**Source data**
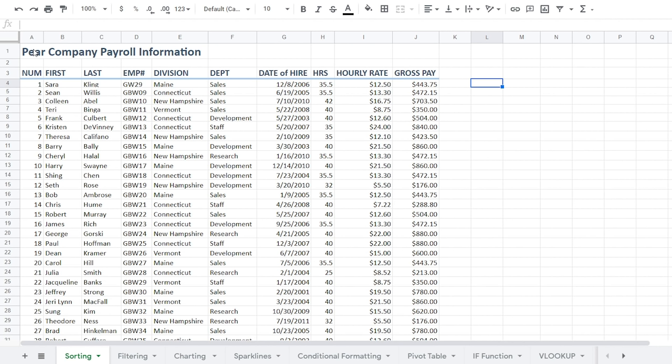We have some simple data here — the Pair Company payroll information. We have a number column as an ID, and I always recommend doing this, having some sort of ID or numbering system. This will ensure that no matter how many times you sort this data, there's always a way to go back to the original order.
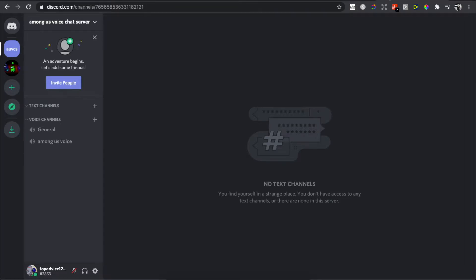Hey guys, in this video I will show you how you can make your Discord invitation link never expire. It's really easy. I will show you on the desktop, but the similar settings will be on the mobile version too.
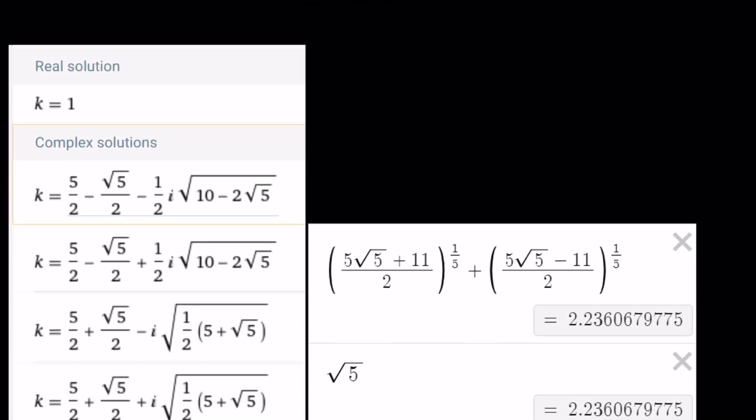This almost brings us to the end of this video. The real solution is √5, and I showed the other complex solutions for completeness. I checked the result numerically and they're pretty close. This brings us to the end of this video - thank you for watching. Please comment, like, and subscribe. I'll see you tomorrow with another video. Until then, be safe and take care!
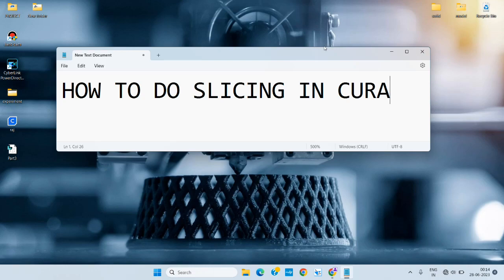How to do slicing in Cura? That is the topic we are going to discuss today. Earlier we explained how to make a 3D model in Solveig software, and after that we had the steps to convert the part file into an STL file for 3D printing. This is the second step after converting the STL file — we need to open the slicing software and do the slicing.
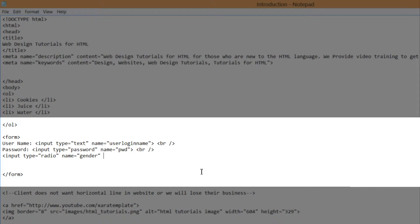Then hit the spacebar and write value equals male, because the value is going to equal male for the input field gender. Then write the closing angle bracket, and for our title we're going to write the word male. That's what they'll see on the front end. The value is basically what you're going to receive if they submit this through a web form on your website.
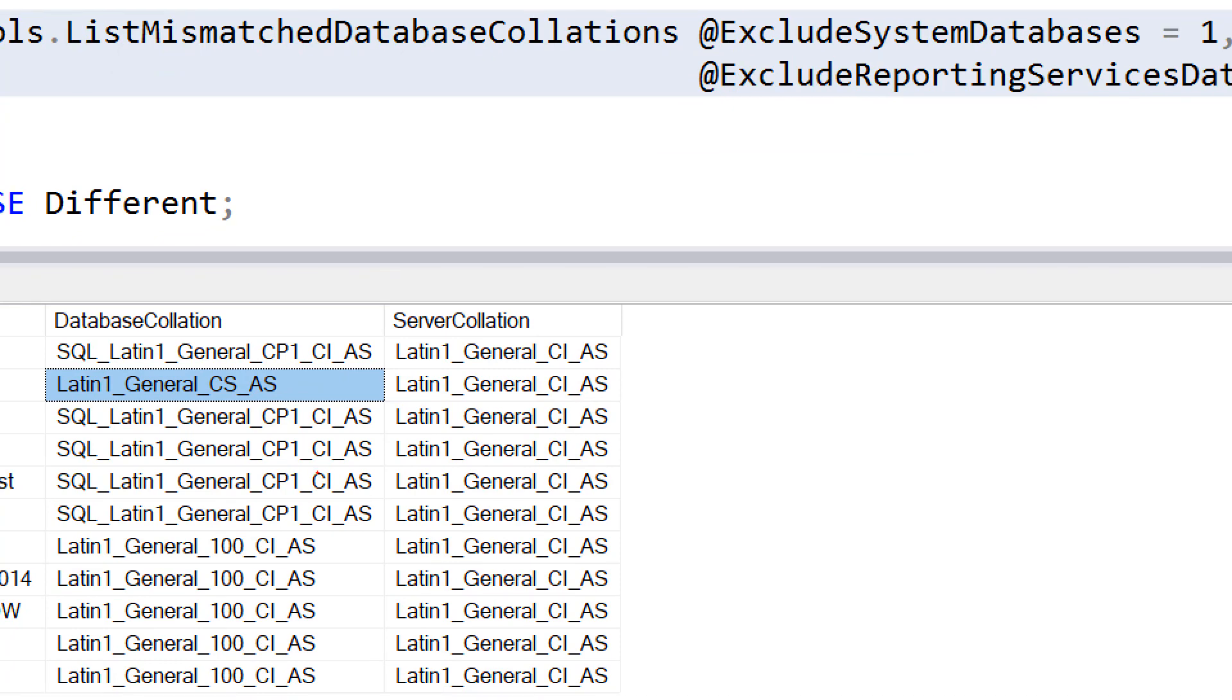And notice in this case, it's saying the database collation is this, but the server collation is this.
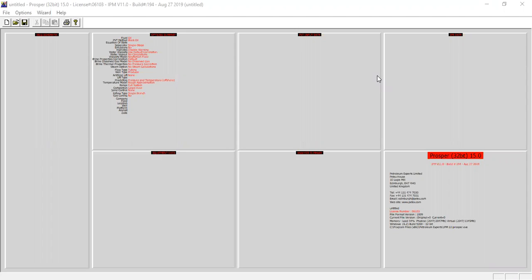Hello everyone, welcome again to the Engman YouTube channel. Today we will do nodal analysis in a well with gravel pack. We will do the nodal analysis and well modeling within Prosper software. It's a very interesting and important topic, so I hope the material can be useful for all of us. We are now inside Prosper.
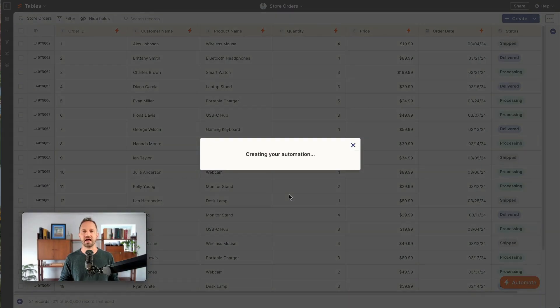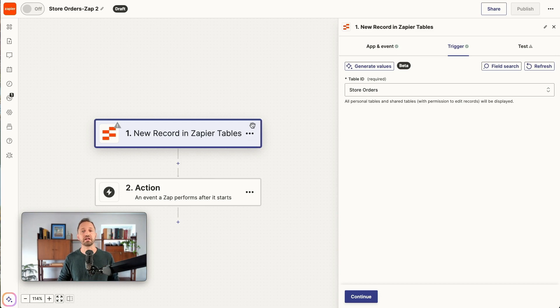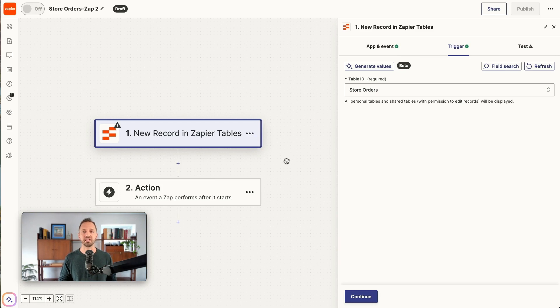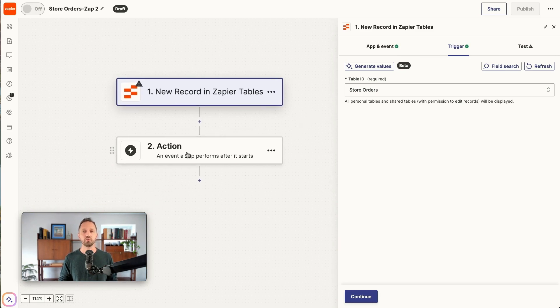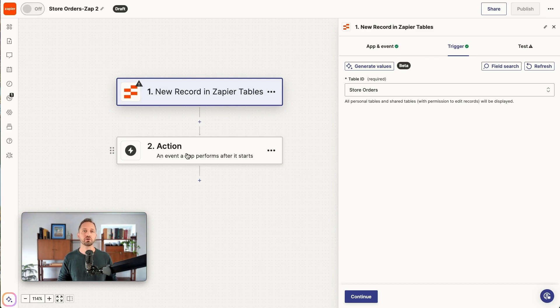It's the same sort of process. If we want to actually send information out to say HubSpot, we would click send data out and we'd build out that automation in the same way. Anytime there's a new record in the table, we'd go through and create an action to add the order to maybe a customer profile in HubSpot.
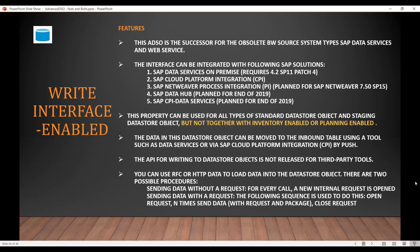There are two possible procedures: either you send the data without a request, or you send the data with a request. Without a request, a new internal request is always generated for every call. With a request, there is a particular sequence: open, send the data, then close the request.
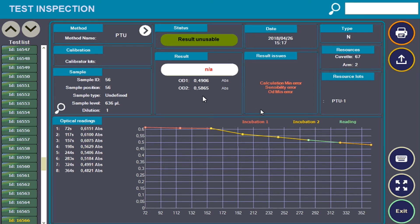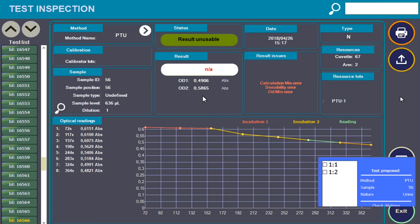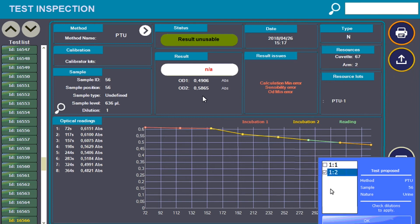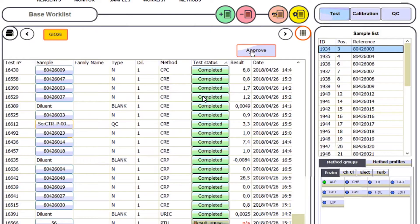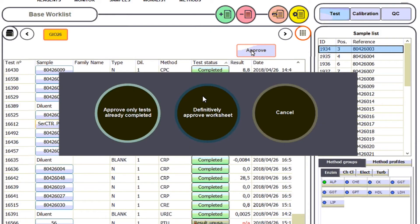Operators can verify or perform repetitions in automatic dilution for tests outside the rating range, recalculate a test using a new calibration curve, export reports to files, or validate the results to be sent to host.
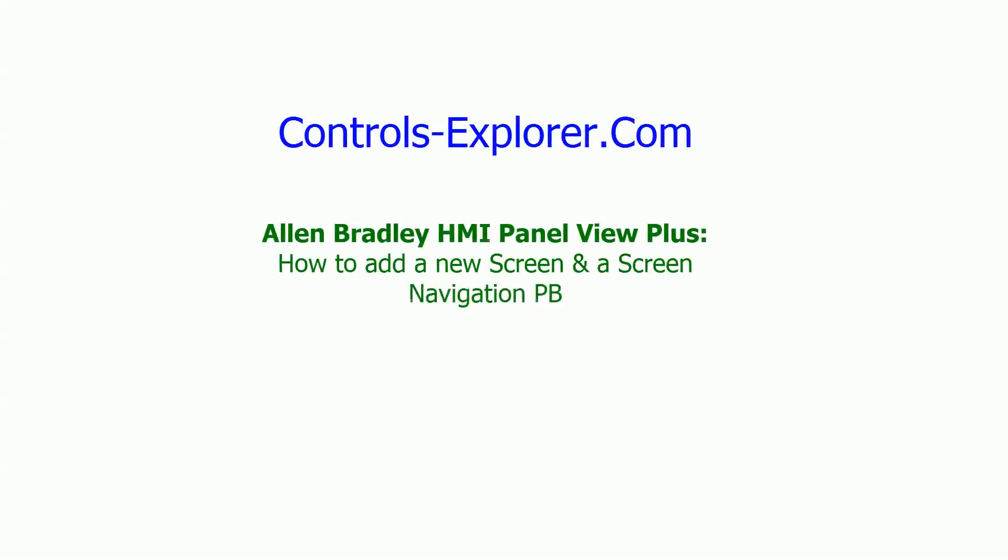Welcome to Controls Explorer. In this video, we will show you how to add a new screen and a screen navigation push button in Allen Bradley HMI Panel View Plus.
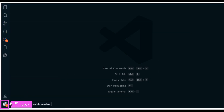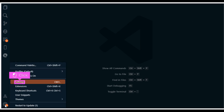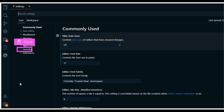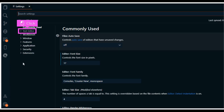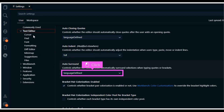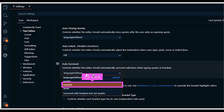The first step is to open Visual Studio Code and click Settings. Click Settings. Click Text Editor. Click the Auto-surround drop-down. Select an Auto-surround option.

**Task goal**
Each line from the one holding "It's the same" through the final line of the data needs to be transcribed exactly. Include both ends, skip the pictures, and add nothing.

**Answer box**
It's the same sort of process. If we want to actually send information out to say HubSpot, we would click send data out and we'd build out that automation in the same way. Anytime there's a new record in the table, we'd go through and create an action to add the order to maybe a customer profile in HubSpot.
There are two possible procedures: either you send the data without a request, or you send the data with a request. Without a request, a new internal request is always generated for every call. With a request, there is a particular sequence: open, send the data, then close the request.
Operators can verify or perform repetitions in automatic dilution for tests outside the rating range, recalculate a test using a new calibration curve, export reports to files, or validate the results to be sent to host.
Welcome to Controls Explorer. In this video, we will show you how to add a new screen and a screen navigation push button in Allen Bradley HMI Panel View Plus.
The first step is to open Visual Studio Code and click Settings. Click Settings. Click Text Editor. Click the Auto-surround drop-down. Select an Auto-surround option.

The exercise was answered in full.